Top 5 Bookkeeping Mistakes To Avoid For Small Business Owners

Introduction

For a small business owner, bookkeeping can be intimidating. However, by avoiding common mistakes you can keep your bookkeeping simple. In this article, we'll discuss the most common errors to avoid so that you can focus on running your company rather than worrying about numbers.

  1. Not having a regular record-keeping system.

A record-keeping system is a must for small business owners. You can’t deduct expenses if you don’t keep records of them and you can’t calculate your income accurately without accurate records of that as well. It is important to keep all your financial documents in a way that makes them easy to retrieve, reconcile, and file.

Also, make sure to have a system that allows you to track purchases made on credit cards so that these purchases are recorded appropriately. If there are any questions about how much money was spent on something, in particular, make sure the transaction is clearly documented so it can be easily found when needed.

2. Mixing business and personal expenses together.

One of the most common bookkeeping mistakes small business owners make is mixing business and personal expenses together. If you don't, it's difficult to determine if you're making a profit or losing money because some of your largest business expenses may be going on items that are also part of your personal life.

To avoid this mistake:

  • Set up separate bank accounts for each type of spending—business and personal. It’s important to have them separate so you can easily see where all the money is going and ensure that only funds designated for one purpose or another make it into their respective accounts. You should also set up a credit card specifically for your company in order to limit the amount that gets charged thereon (which will help keep trackability).

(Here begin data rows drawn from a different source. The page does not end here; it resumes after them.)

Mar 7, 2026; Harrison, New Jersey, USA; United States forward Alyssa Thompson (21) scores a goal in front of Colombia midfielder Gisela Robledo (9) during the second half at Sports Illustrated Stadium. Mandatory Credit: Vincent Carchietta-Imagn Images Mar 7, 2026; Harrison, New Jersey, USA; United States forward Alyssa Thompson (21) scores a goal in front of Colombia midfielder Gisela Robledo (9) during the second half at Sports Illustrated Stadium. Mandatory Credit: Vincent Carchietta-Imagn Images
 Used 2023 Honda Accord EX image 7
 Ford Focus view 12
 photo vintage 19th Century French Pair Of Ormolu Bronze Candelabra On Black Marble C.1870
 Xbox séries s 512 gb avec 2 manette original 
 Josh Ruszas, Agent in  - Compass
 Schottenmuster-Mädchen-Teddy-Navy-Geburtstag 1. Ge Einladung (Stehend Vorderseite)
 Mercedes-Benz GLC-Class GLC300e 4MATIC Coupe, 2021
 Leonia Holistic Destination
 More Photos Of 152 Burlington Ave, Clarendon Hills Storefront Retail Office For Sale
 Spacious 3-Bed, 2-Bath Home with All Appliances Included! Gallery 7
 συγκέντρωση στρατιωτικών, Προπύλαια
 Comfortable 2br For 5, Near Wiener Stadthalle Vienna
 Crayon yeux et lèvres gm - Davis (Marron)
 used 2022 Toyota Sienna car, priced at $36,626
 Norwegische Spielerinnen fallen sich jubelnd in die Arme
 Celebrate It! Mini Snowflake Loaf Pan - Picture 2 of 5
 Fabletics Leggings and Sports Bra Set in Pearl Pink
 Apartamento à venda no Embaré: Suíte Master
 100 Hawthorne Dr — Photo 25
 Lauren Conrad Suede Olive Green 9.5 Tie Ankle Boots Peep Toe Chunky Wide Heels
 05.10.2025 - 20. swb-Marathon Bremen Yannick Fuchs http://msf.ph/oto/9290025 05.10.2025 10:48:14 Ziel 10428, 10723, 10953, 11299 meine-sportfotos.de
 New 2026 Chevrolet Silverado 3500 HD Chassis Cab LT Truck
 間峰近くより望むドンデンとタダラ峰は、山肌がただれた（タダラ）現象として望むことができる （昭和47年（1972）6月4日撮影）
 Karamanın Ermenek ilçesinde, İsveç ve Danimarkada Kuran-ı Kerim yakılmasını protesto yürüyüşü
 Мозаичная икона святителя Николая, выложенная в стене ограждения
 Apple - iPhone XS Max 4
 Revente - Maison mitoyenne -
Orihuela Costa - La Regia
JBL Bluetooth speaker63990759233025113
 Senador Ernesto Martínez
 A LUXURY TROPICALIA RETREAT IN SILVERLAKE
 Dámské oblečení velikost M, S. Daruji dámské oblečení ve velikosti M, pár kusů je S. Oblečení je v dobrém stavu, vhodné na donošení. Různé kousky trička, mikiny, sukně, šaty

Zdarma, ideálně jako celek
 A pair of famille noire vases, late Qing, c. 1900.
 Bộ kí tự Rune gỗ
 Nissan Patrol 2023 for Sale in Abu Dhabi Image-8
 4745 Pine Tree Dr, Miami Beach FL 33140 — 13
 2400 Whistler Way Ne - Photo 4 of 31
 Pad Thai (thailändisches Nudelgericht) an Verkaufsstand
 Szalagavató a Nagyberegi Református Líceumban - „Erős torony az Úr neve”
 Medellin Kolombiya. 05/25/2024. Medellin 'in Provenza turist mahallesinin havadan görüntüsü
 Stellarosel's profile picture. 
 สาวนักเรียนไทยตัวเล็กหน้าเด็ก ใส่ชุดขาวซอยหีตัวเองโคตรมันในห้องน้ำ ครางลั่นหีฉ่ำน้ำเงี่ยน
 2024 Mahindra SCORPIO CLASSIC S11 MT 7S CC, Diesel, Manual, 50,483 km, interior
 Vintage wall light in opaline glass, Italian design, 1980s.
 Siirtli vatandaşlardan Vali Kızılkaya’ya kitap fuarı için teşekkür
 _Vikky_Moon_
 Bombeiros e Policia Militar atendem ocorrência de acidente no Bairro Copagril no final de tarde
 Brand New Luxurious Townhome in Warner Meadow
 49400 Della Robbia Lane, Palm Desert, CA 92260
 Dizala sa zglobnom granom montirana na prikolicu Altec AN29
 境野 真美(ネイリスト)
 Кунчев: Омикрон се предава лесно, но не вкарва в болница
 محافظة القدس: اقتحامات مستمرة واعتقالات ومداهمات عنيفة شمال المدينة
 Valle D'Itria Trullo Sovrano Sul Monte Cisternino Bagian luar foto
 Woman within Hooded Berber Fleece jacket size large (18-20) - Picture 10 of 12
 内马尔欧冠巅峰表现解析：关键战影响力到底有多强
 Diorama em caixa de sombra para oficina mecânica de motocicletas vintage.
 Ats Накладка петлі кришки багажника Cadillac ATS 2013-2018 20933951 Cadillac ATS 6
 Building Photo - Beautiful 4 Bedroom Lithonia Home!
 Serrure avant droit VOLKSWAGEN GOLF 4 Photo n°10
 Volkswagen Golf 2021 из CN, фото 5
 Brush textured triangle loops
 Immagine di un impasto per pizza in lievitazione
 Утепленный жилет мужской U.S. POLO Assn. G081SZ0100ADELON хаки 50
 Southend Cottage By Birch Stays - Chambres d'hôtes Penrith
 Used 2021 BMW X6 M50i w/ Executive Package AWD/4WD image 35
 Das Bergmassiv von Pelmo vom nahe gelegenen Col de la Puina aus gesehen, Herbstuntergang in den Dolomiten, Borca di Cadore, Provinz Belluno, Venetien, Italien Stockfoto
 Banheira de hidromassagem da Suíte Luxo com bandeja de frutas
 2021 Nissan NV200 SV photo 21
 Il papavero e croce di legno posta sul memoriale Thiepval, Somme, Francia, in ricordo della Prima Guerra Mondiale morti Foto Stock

  • Use different checking accounts for each type of spending as well (such as "Business Checking" vs "Personal Checking"). This will allow you more control over how much goes into each account, enabling better visibility when it comes time to reconcile them at month's end (and thus avoid mixing them up).

3. Not having a system for keeping you on top of your invoices and payments due.

Not having a system for keeping you on top of your invoices and payments due.

A lack of organization will be the death of your business if you're not careful. Make sure that you have a system in place to track when invoices are issued, when they are paid, and what outstanding balances are still owed. If there's anything more frustrating than chasing money owed by clients who haven't paid their bills it's chasing them down!

Make sure that each client is given their own unique invoice number so that payments can be easily tracked back to each individual invoice issued by your company. This also makes it easier for accountants or bookkeepers to track where all the money has gone in case something goes wrong and they need to track down where the money went.

4. Not understanding the basics of accounting and not preparing for tax time.

It's important to understand the basic accounting and tax laws in your country, as well as how they apply to your business. This can be overwhelming, but it's also essential because failing to comply with them may result in fines or even legal action.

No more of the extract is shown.